* DATA SUPPLIED

--

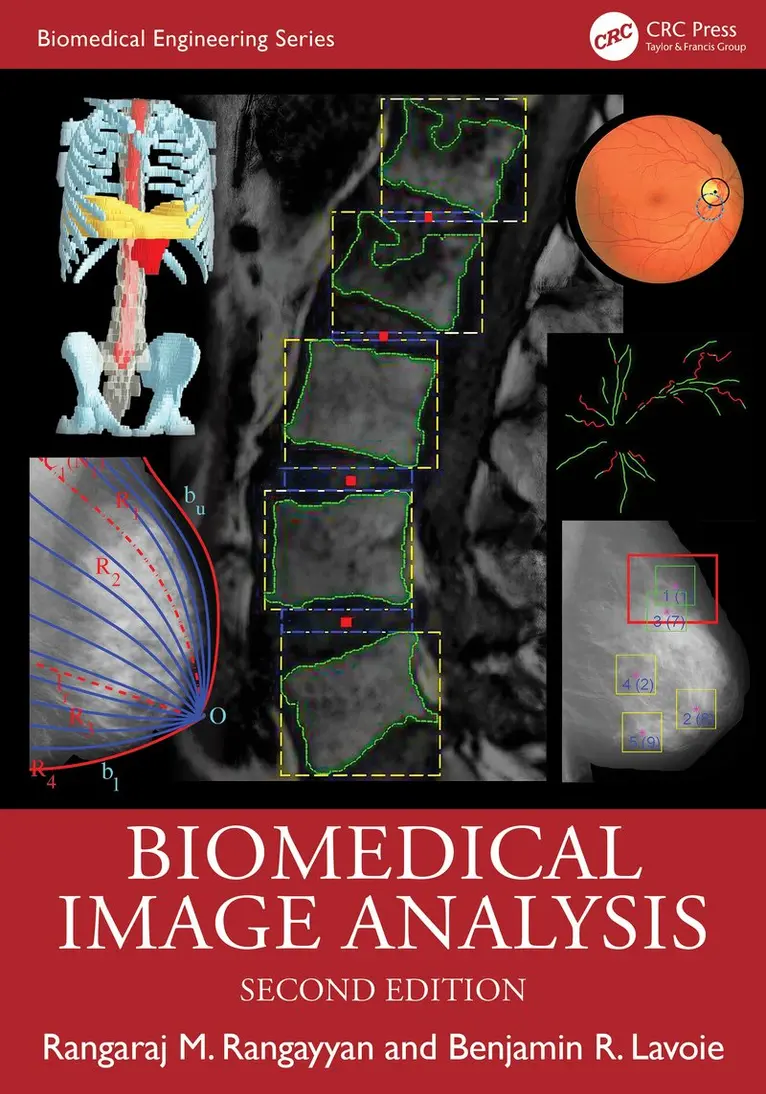 Rangaraj M. Rangayyan, Benjamin R. Lavoie - Biomedical Image Analysis, Inbunden. Tillgänglighet: Kommande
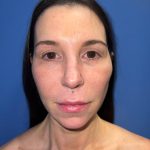 Facelift Before & After Patient #19359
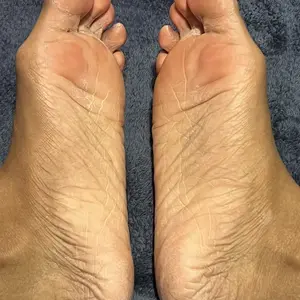 Moisturizing Gel Socks For Dry, Cracked Feet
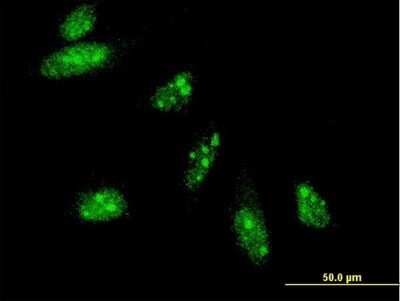 Immunocytochemistry/ Immunofluorescence: HAND2 Antibody (4D9) [H00009464-M05]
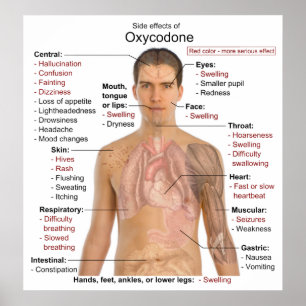 Poster Chart of the Main Side Effects of Oxycodone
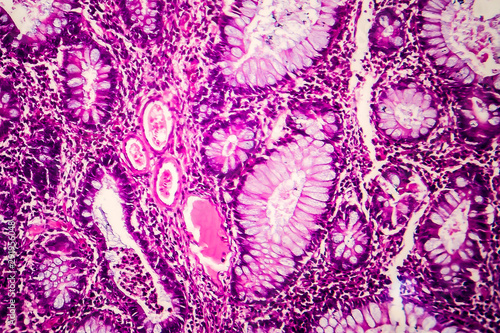 Villous colon adenocarcinoma, light micrograph, photo under microscope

--

* YOUR TASK
From the line containing "Poster Chart of" through the last line of the records, both included, output those lines exactly and nothing else; skip the pictures.

* ANSWER FOR THE TASK
 Poster Chart of the Main Side Effects of Oxycodone
 Villous colon adenocarcinoma, light micrograph, photo under microscope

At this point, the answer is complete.